WHAT YOU SHOULD DO.
Given the material below, output exactly the lines from the line with "Recambio de cerradura" to the line with "2017-hyundai-accent-4-door-hatchback-(116,839-miles)-image-17", both ends included, and no other lines.

═══ EXTRACTED ENTRIES

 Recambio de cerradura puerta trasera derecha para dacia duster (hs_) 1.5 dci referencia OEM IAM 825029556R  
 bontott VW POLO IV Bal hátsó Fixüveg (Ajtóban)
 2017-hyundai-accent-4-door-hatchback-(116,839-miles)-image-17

══════
═══ EXTRACTED ENTRIES

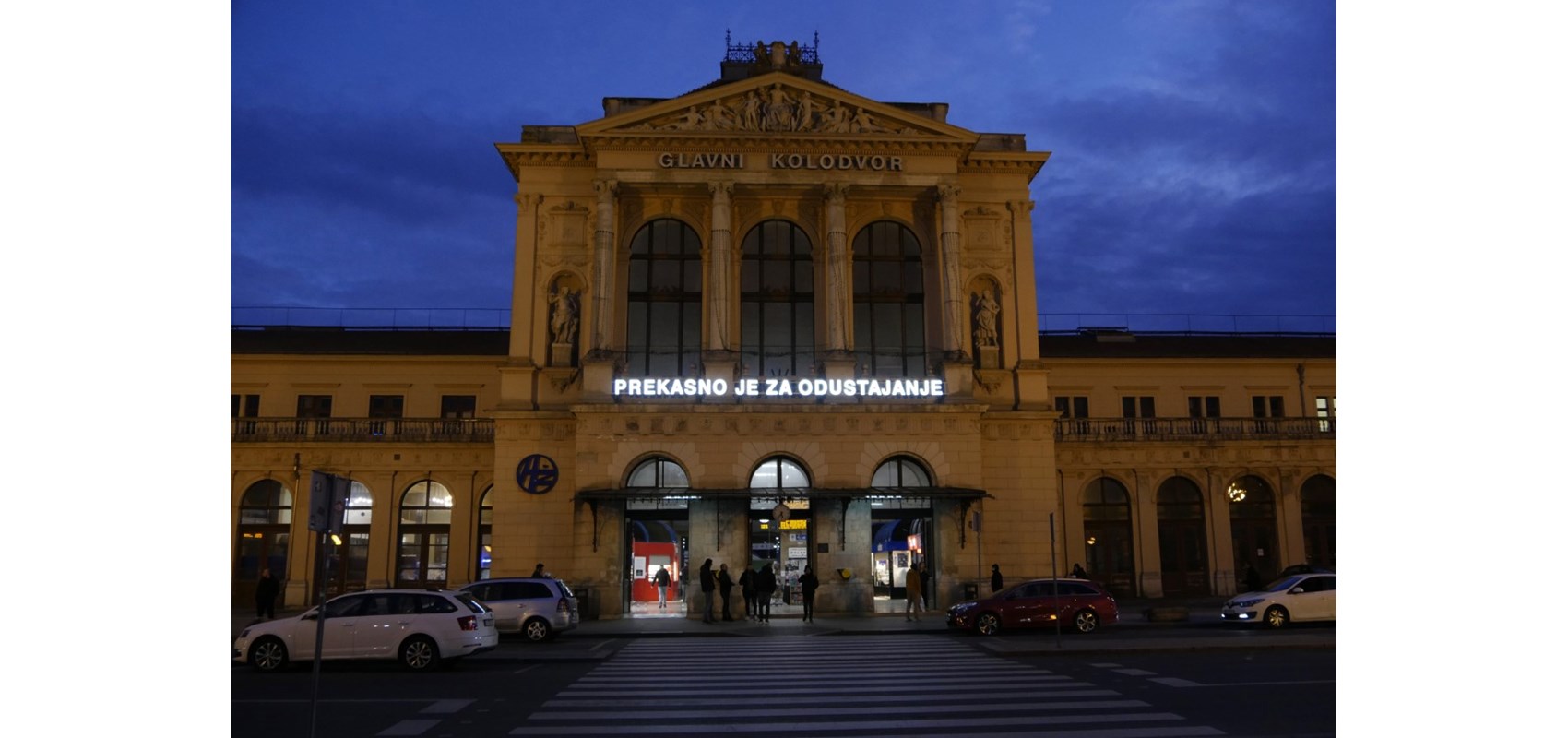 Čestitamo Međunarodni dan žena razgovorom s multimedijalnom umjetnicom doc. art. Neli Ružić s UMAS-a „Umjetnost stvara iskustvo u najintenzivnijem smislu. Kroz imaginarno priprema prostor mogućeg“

══════

OUTPUT.
 Recambio de cerradura puerta trasera derecha para dacia duster (hs_) 1.5 dci referencia OEM IAM 825029556R  
 bontott VW POLO IV Bal hátsó Fixüveg (Ajtóban)
 2017-hyundai-accent-4-door-hatchback-(116,839-miles)-image-17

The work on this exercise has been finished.